Work task
Return verbatim the line containing "this 1200×630 image." together with all lines that follow it in the records, and no other material.

Given records
--------------------------------
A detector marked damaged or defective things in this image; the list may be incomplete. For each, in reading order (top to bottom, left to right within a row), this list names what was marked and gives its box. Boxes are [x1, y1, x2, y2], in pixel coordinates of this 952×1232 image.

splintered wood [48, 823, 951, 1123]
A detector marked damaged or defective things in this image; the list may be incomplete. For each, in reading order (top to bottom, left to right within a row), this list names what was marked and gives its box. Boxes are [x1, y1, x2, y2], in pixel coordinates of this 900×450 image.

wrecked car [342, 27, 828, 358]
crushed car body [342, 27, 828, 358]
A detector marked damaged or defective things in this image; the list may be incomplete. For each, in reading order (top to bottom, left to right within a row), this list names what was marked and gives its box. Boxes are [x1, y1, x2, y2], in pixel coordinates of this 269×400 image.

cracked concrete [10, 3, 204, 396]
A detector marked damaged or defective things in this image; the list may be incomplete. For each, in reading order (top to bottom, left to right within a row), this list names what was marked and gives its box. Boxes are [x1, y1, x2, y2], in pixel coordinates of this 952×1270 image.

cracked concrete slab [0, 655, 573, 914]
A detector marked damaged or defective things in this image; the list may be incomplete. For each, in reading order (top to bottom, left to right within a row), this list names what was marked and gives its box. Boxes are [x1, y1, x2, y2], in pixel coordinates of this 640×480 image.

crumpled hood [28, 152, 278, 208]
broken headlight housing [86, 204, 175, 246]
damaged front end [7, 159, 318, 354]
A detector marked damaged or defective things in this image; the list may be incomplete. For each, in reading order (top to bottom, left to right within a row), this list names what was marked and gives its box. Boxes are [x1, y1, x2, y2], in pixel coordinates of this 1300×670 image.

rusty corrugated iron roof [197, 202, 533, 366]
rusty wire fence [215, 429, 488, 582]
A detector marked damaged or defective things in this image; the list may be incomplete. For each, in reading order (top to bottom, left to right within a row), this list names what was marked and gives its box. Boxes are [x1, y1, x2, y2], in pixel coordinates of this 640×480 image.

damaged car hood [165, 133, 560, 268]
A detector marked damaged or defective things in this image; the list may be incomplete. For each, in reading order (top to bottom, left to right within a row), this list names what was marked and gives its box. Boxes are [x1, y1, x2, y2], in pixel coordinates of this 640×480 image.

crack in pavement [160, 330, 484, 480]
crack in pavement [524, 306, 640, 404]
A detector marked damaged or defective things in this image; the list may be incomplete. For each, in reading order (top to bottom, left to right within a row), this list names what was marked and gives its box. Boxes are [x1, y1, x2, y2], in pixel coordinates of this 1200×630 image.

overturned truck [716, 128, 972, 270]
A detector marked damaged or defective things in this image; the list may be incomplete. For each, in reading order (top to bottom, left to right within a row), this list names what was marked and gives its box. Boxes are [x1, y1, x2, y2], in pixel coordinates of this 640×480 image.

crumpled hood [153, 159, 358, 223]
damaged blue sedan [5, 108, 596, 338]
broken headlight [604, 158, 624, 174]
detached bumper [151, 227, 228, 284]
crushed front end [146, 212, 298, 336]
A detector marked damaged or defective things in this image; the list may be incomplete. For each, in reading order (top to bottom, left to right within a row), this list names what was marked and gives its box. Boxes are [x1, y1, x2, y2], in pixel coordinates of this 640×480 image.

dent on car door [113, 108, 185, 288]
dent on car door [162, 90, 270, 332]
--------------------------------
Your response
A detector marked damaged or defective things in this image; the list may be incomplete. For each, in reading order (top to bottom, left to right within a row), this list names what was marked and gives its box. Boxes are [x1, y1, x2, y2], in pixel coordinates of this 1200×630 image.

overturned truck [716, 128, 972, 270]
A detector marked damaged or defective things in this image; the list may be incomplete. For each, in reading order (top to bottom, left to right within a row), this list names what was marked and gives its box. Boxes are [x1, y1, x2, y2], in pixel coordinates of this 640×480 image.

crumpled hood [153, 159, 358, 223]
damaged blue sedan [5, 108, 596, 338]
broken headlight [604, 158, 624, 174]
detached bumper [151, 227, 228, 284]
crushed front end [146, 212, 298, 336]
A detector marked damaged or defective things in this image; the list may be incomplete. For each, in reading order (top to bottom, left to right within a row), this list names what was marked and gives its box. Boxes are [x1, y1, x2, y2], in pixel coordinates of this 640×480 image.

dent on car door [113, 108, 185, 288]
dent on car door [162, 90, 270, 332]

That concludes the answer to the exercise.